WORK REQUIRED: Would you restate each line of the data below word for word, without its pictures?

SUPPLIED MATERIAL:
_ _ _ _ _ _ _
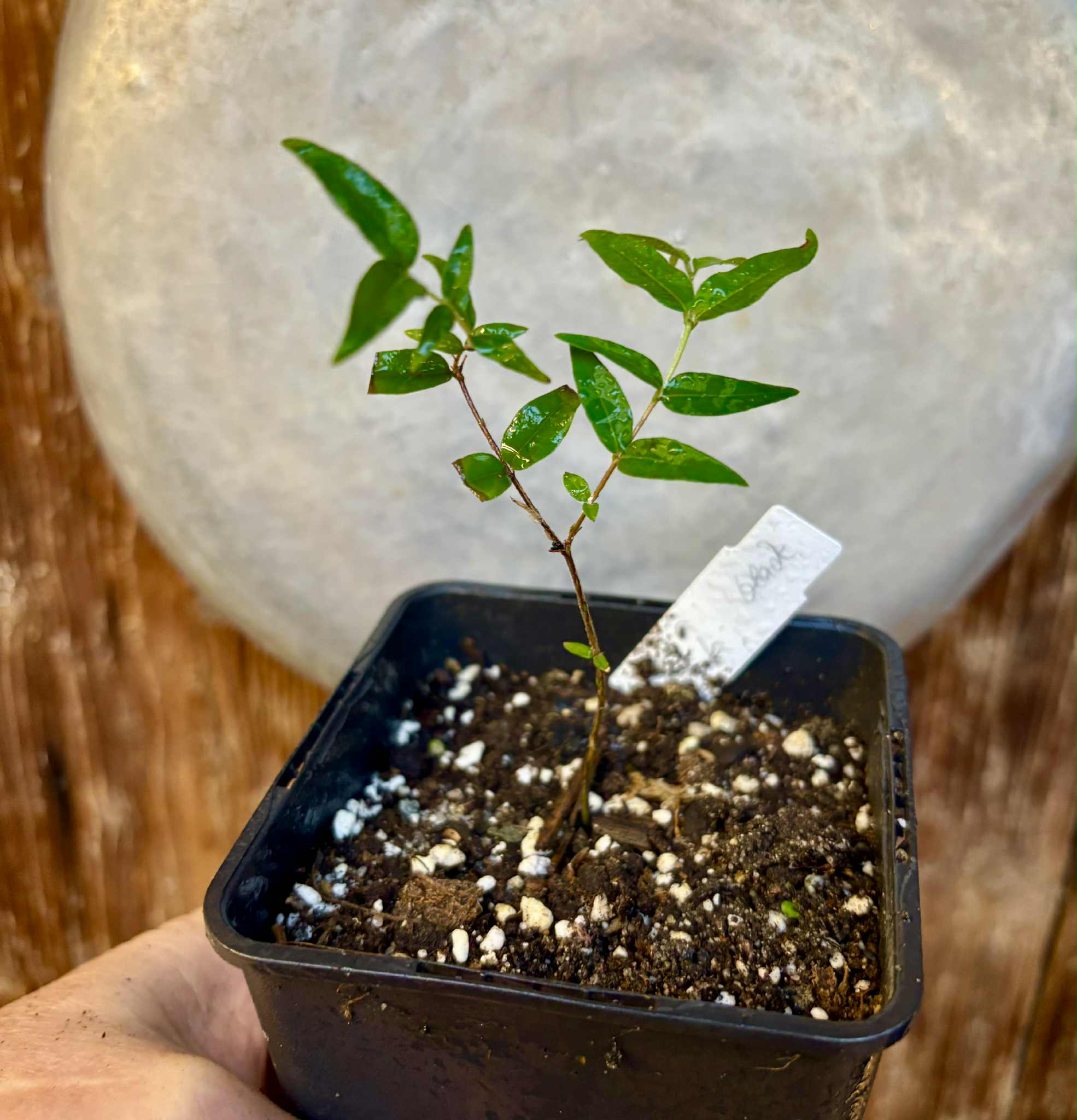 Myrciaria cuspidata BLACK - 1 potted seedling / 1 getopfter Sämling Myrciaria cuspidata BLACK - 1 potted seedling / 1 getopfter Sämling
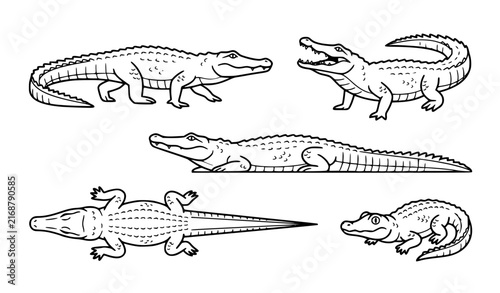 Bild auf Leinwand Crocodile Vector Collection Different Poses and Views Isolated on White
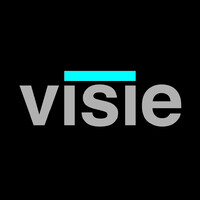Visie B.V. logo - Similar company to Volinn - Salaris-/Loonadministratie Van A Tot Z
_ _ _ _ _ _ _
SOLUTION TO THIS PROBLEM:
 Myrciaria cuspidata BLACK - 1 potted seedling / 1 getopfter Sämling Myrciaria cuspidata BLACK - 1 potted seedling / 1 getopfter Sämling
 Bild auf Leinwand Crocodile Vector Collection Different Poses and Views Isolated on White
Visie B.V. logo - Similar company to Volinn - Salaris-/Loonadministratie Van A Tot Z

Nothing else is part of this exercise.